* What to work on: Your copy of the entries below should hold exactly the lines from the one containing "Dalle LED 600x600" to the one containing "OH license plate GPB4238", inclusive, and no pictures.

* Task data:
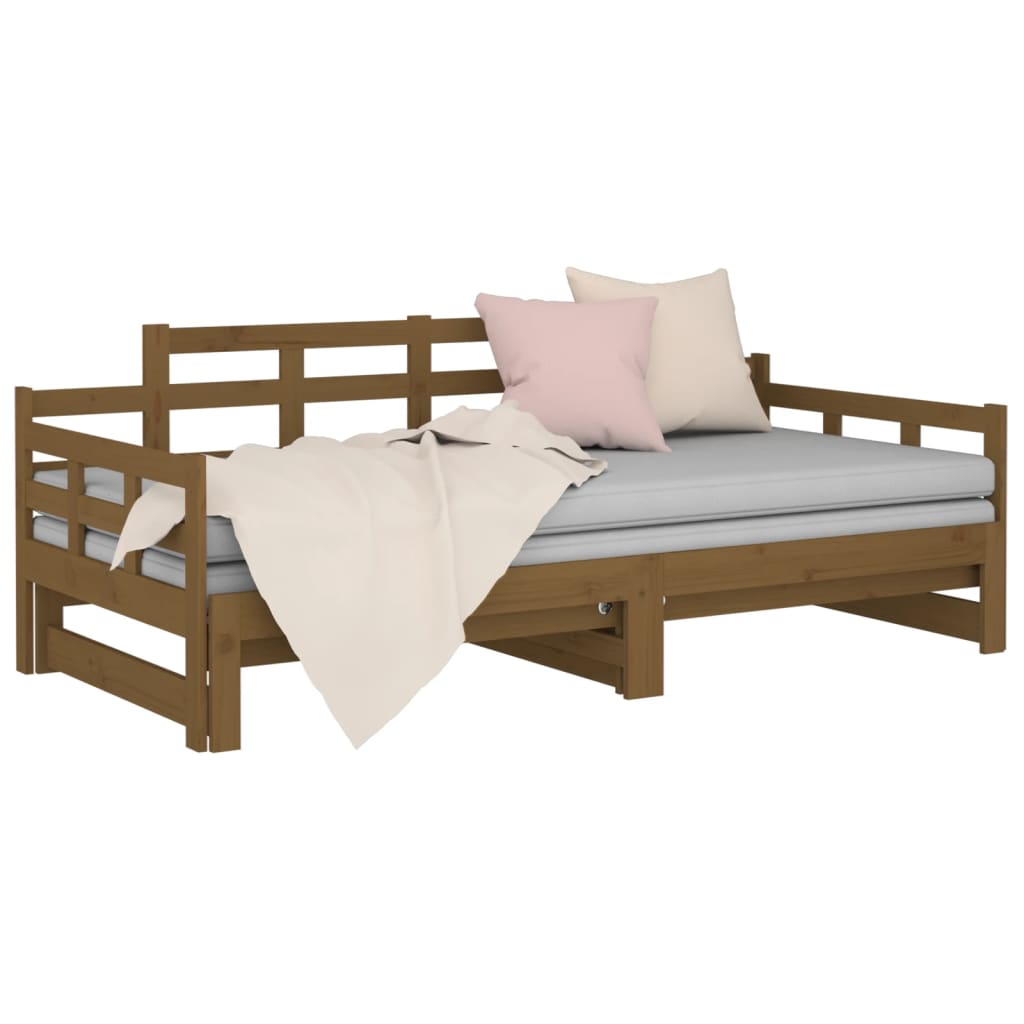 Uttrekkbar dagseng honningbrun heltre furu 2x(90x190) cm vidaXL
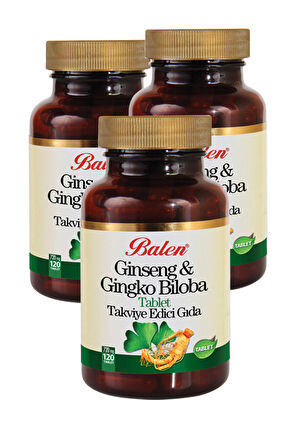 3 Kutu Balen Ginseng Gingko Biloba Ginkgo 720 Mg 120 Tablet Kırmızı Ginseng Ginkgo Ginko Biloba Tableti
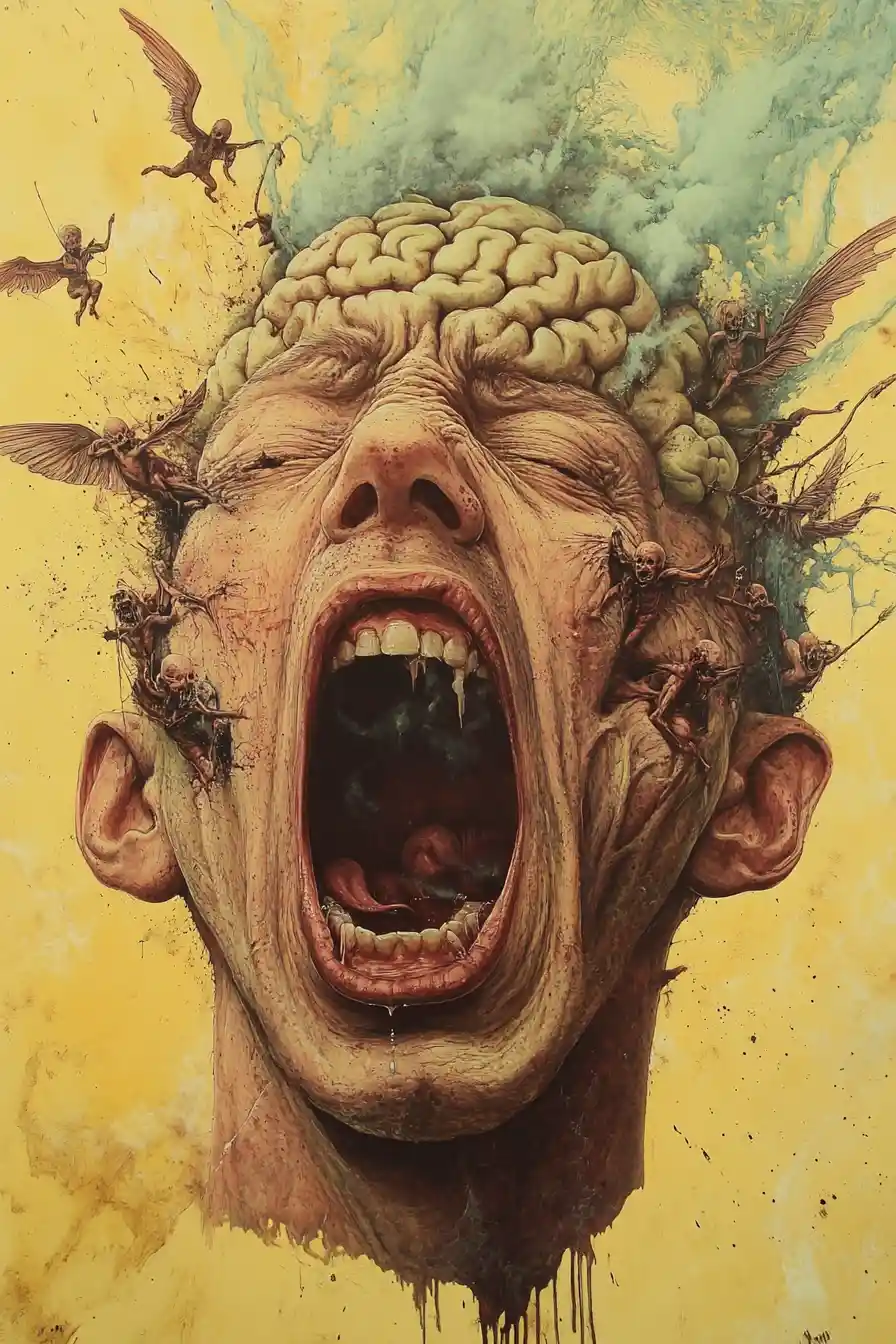 Surreal Distorted Head Exploding With Brains And Eyeballs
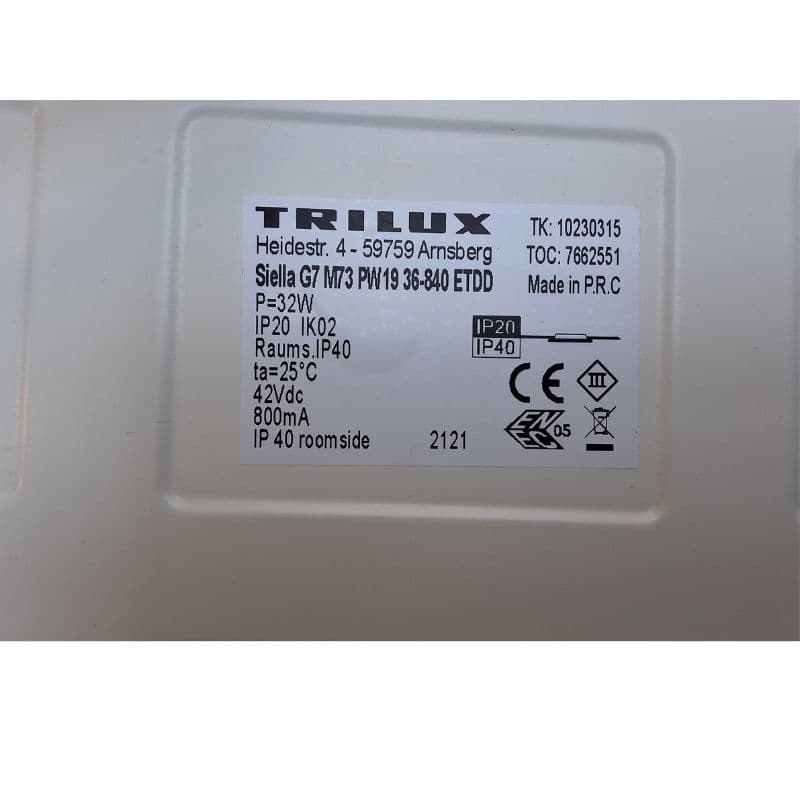 Dalle LED 600x600 - 32W - 3600lm - 4000K - IP20 - Dali 2 vue 4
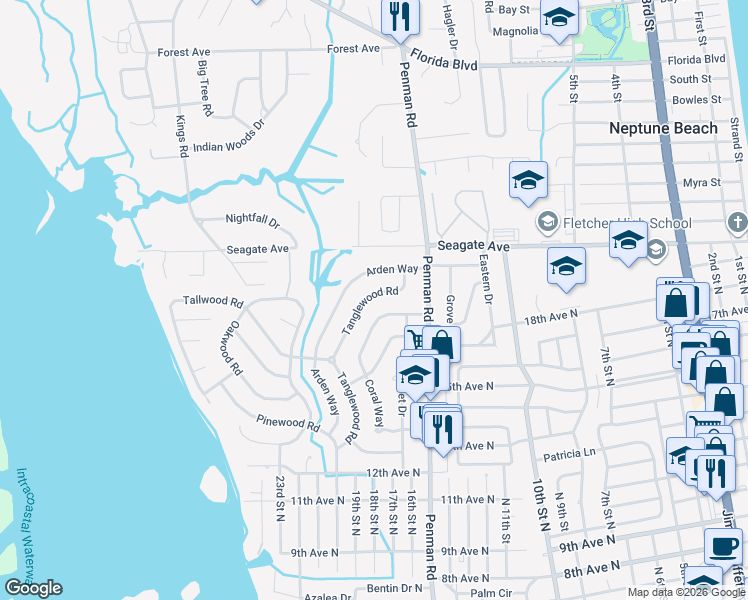 map of restaurants, bars, coffee shops, grocery stores, and more near 1812 Arden Way in Jacksonville Beach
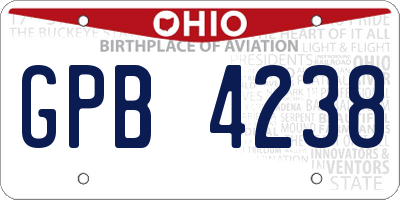 OH license plate GPB4238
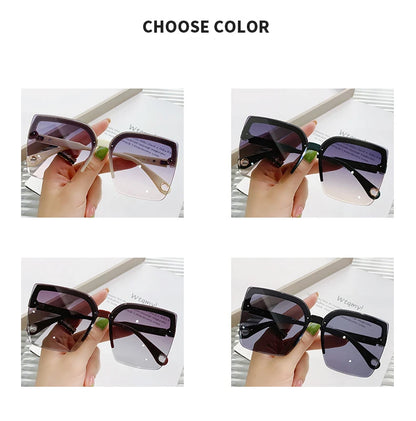 Homme femme mode sans monture Vintage carré lunettes de soleil lunettes marque Design UV400 femme nuances surdimensionné lunettes de soleil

* Answer space:
 Dalle LED 600x600 - 32W - 3600lm - 4000K - IP20 - Dali 2 vue 4
 map of restaurants, bars, coffee shops, grocery stores, and more near 1812 Arden Way in Jacksonville Beach
 OH license plate GPB4238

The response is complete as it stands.